O Pacto Global da ONU, que tem o Brasil como signatário, implementou 17 Objetivos de Desenvolvimento Sustentável (ODS) que integram a Agenda 2030, dentre eles a igualdade de gênero.

No ambiente digital, as condutas praticadas contra a mulher adquirem novos contornos que ferem sua dignidade, integridade física e psicológica. A ONU alerta que a violência tecnológica está se tornando cada vez mais complexa no cometimento de crimes de gênero de forma digital, exigindo medidas urgentes de proteção para as vítimas. As múltiplas formas de violência contra meninas e mulheres nos meios digitais são praticadas, invariavelmente, por parceiros abusivos e grupos misóginos, encobertos sob o manto do anonimato. Cometem-se importunação sexual, assédio, perseguição, humilhação, difamação, agressão, sextorsão, stalking, cyberbullying, doxing, e pornografia de vingança.

Domo legal – A rede legal de proteção dos direitos da mulher é constantemente fortalecida tanto para o ambiente físico, quanto o digital.

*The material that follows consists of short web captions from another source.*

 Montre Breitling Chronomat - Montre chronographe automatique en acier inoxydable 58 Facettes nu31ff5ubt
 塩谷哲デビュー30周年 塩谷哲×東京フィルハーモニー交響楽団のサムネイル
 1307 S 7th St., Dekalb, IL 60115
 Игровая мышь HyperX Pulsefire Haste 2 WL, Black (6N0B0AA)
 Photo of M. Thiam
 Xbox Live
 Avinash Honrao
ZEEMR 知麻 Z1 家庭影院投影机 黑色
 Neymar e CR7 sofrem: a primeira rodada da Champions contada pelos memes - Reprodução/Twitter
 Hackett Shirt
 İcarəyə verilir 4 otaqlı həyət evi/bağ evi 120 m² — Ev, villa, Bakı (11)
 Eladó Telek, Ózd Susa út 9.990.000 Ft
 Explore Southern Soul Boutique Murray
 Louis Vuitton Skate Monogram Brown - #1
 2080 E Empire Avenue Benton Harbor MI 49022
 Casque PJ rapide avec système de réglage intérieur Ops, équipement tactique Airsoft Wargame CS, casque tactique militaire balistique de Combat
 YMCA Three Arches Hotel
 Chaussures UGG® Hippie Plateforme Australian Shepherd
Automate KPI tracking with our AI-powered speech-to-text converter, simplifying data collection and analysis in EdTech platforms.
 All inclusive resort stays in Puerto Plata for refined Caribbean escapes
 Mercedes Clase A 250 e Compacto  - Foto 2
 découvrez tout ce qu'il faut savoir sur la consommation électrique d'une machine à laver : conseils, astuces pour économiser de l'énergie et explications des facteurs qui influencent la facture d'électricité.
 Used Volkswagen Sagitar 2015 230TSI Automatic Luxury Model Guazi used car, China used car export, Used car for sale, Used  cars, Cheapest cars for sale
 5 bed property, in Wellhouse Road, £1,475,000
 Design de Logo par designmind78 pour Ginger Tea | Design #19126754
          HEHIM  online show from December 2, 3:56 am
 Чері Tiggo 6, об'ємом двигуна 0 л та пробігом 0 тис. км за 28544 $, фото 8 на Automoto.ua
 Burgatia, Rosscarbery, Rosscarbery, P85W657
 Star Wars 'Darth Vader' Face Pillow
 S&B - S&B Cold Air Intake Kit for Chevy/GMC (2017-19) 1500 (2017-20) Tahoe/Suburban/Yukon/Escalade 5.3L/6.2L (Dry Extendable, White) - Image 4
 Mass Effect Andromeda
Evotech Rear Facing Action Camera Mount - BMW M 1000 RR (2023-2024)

A Constituição Federal eleva a promoção do bem de todos como objetivo fundamental, sem preconceitos de origem, raça, sexo, cor, idade e quaisquer outras formas de discriminação (art. 3o, V). Protege o mercado de trabalho da mulher (art. 7o, XX) e a participação política mínima em partidos políticos e recursos do fundo partidário (art. 17, § 7o). Iguala os direitos e as obrigações de homens e mulheres (art. 5o, I), também em relação à sociedade conjugal (art. 226, § 5o), criando mecanismos para coibir a violência no âmbito de relações familiares (art. 226, § 8o).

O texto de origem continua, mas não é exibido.